I’ll never forget the next day Ricky Lawson came and picked us up in his car and took us around all of LA. We went to this jazz club where we met lots of other musicians and actors. It was a crazy experience. All these people you see on TV and who do these amazing gigs playing for huge artists are right here in this city and you can go and talk to them. We even started getting offers to do gigs while we were there.

We went back home – man, terrible trip home, we just didn’t wanna leave. That all happened in August 2006. In October 2006 we went back to visit on our own. We were chilling at our rehearsal space and just decided to go to LA again. We literally went and got a rental car that day and drove non-stop. Everybody took shifts driving and we got from Memphis to LA in 24 hours. We just wanted to see if it’s really like that or if it was just a lucky moment. This time we stayed for two weeks and it was amazing. We did gigs, met more people, people started kind of knowing who we were, we even had to turn down gigs before we had to go back home. After making that second trip bro, for me it was just clear.

Your first pro gig in LA was Boyz II Men. How did that come about?
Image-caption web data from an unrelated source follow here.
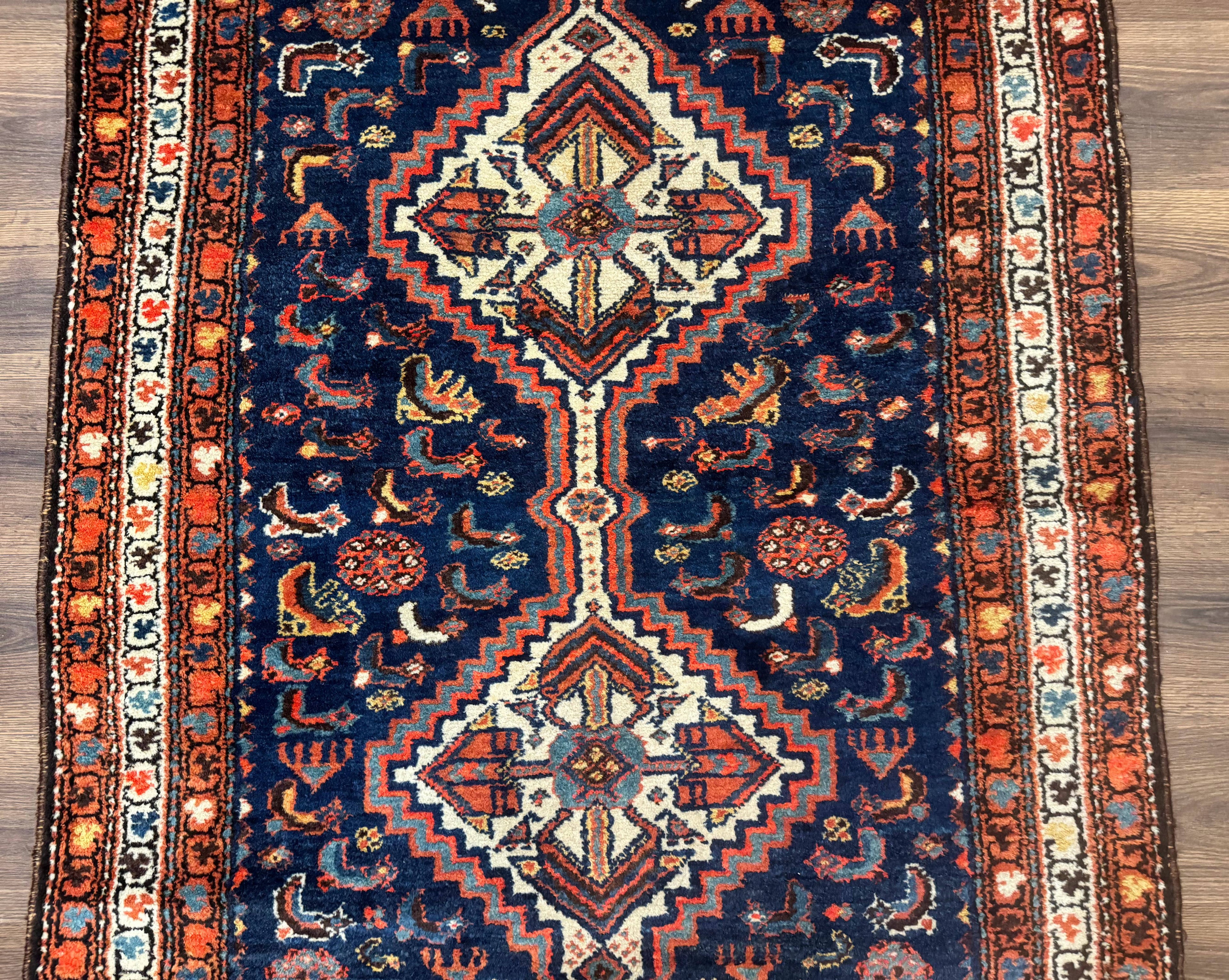 Antique Persian Hamadan Rug 4x6, Geometric, Double Medallions, Navy Blue, Tribal Carpet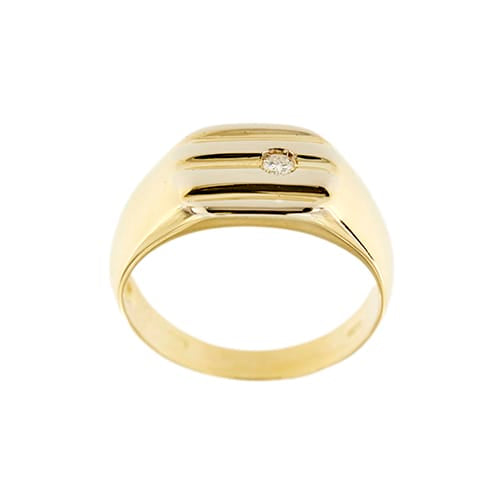 Bague Bague homme - Chevalière en or jaune 18 ct avec diamant 0,08 ct 58 Facettes 35928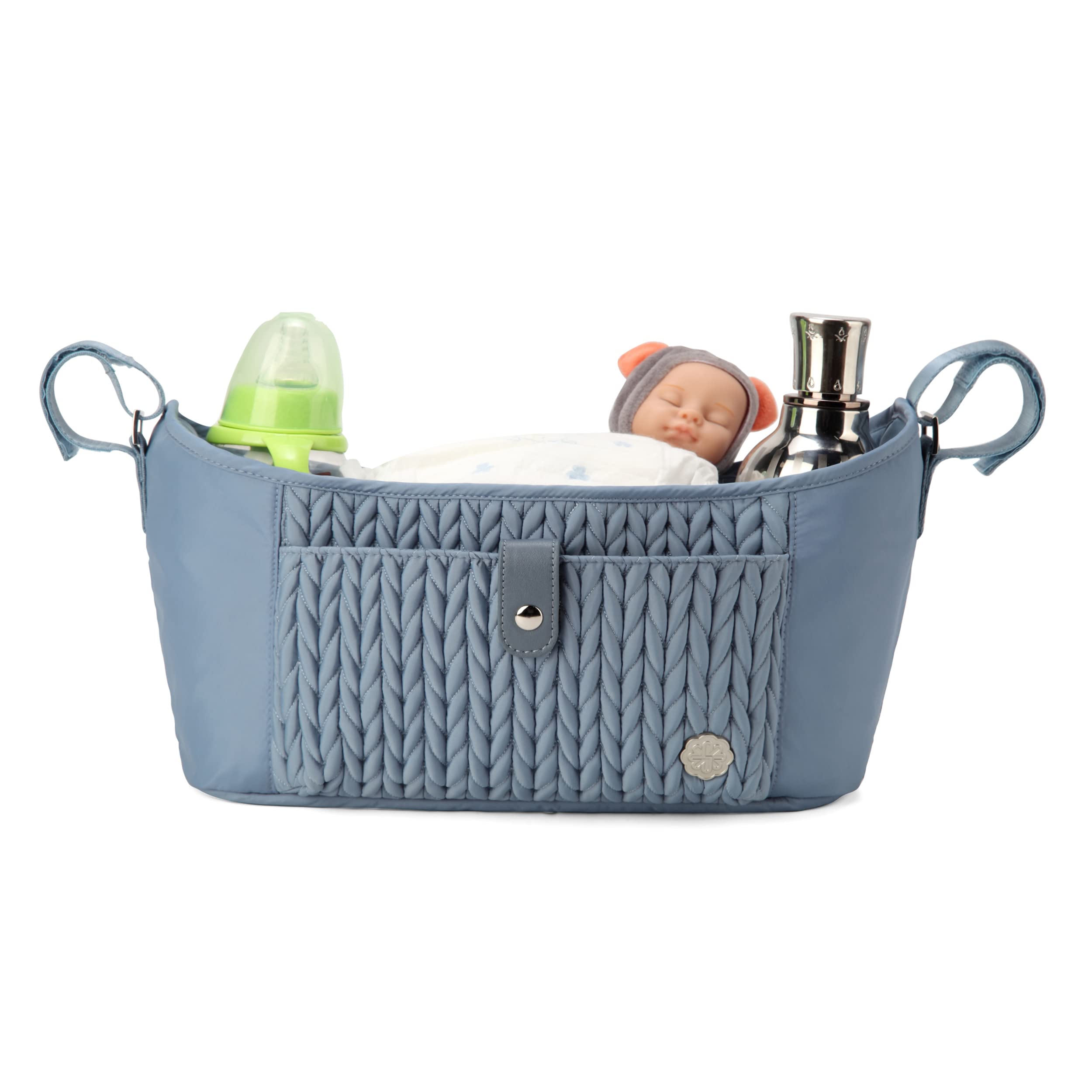 Universal Baby Stroller Organizer,Diaper Caddy Organizer with Adjustable Straps to Fits Nearly Any Strollers, Ash Blue, S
Yes, that’s right. I was playing for this Temptation singer called Ali Woodson at a little restaurant called Stevie’s Grill and this place just had a lot of heavy hitters and celebrities coming to eat there. This MD called Rick Saliss, who was the MD for Boyz II Men at the time, was there to have dinner and heard us play. He needed a bassist and a drummer for the band and asked me and my brother to play. My first time going to Russia and Canada was with the band. It was a pretty good experience.

You’ve also done the New Kids On The Block / Backstreet Boys double tour. That sounds fun.

Yeah, crazy story. The first week I moved to LA I was best friends with a drummer called Brian Frasier-Moore. I just dropped him a message to say that I’m new to LA and asked if he wanted to hang or had any advice. The best thing he’s ever done was allowing me and my whole band to come and sit in at the Christina Aguilera rehearsal. Rob Lewis was MDing the whole thing. I didn’t know anything about ProTools, in-ears and how the whole thing works, so it was amazing to get the chance to watch how the whole show and tour was put together from beginning to end. Not knowing that four years later I would get a phone call from Rob Lewis asking me to play for New Kids On The Block. Turns out the first tour was New Kids and Backstreet Boys together.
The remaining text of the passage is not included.